Example for induction: Another way is Pseudo-labeling, suppose we have a portion of our dataset labeled, we use this labeled data as our training data of the model, we train the model like we are dealing with a supervised problem. Then we use this trained model on the remaining unlabeled data to predict their labels, so they get what we call pseudo-labels. We then train our model on the full dataset, this way we are able to train on a larger dataset without the need of hours of manual labelling.

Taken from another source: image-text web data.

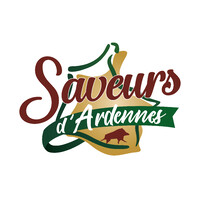 AUX SAVEURS D'ARDENNES logo - Similar company to Gusti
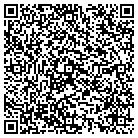 QR code with Independent Health Service contacts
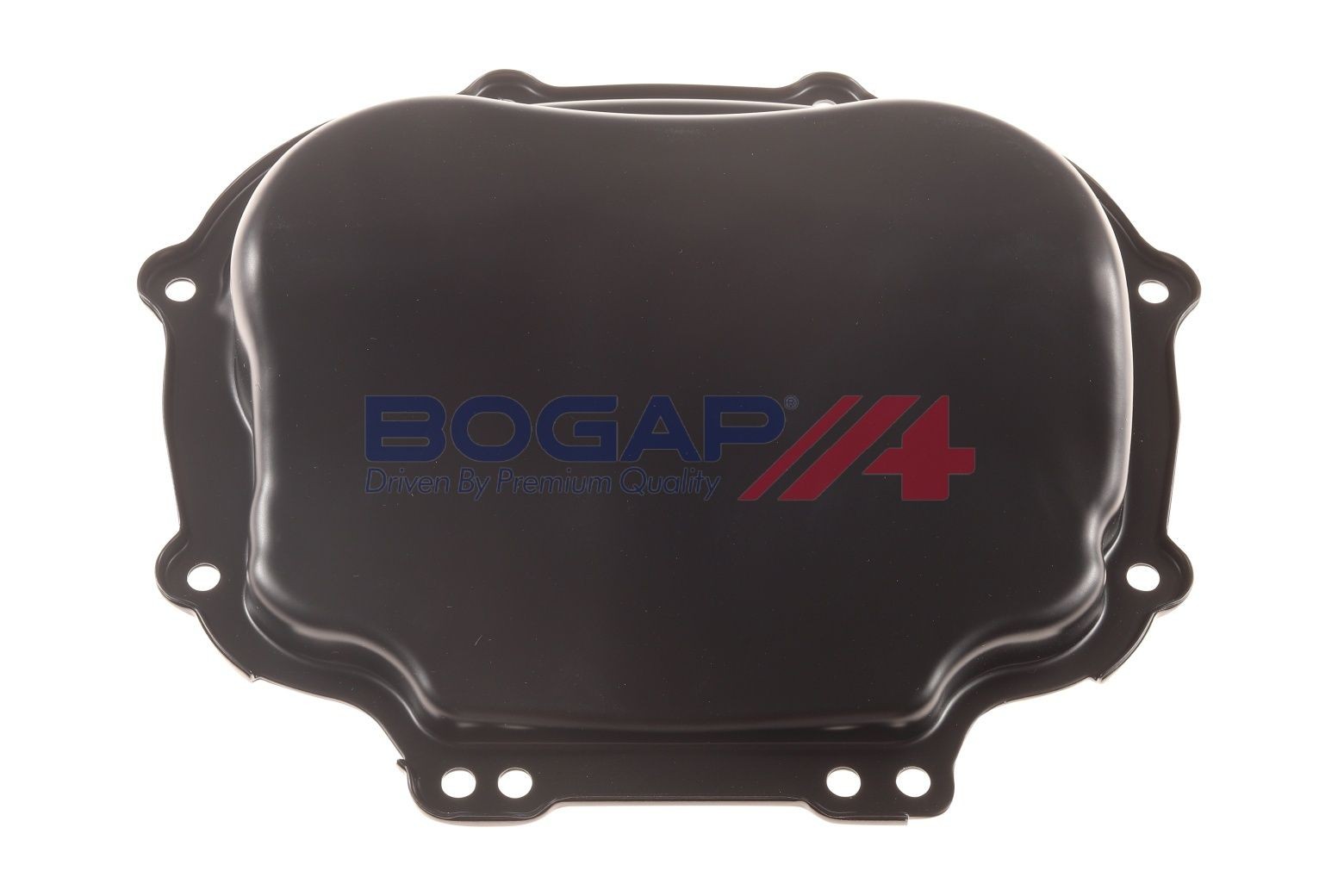 BOGAP Timing Case Cover Article number: A1321109 cheaply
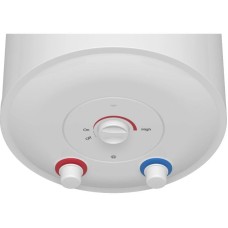 Электрический накопительный водонагреватель Thermex Nobel 15 O ЭдЭБ00626 151097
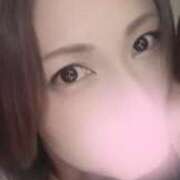 唯月(いつき) 久しぶりの出勤 PLUS十三店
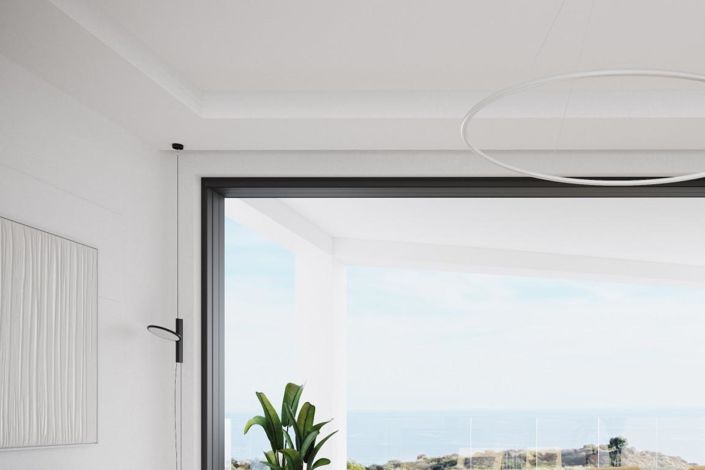 Image No.17-3 Bed Villa for sale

We could be taking a risk of mislabeling data by using pseudo-labeled samples in our training set. Something we could do to lessen the risk is to only include the pseudo-labeled samples in our training set that received a predicted probability for a particular category that was higher than X%. For example, we could make a rule to only include pseudo-labeled samples in the training set that received a prediction for a specific category of, say, 80% or more. This doesn’t completely strip out the risk of mislabeling, but it does decrease it. The samples that didn’t make the cut due to not having a prediction that met the X% rule could then be predicted on again after the model was retrained with a larger data set that included the first round of pseudo-labeled samples. Also, before going through the pseudo-labeling process, we need to ensure that our model is performing well during training and validation (“well-performing” is subjective here). Additionally, the labeled data that the model was initially trained on should be a decent representation of the full data set.
One of the most important application of semi-supervised learning is on text document classification using adversarial training, but that’s another topic.
This was a brief introduction to have an idea about what is Machine Learning and the way it works. The coming up articles will try to cover each ML approach in depth, starting with Supervised Learning.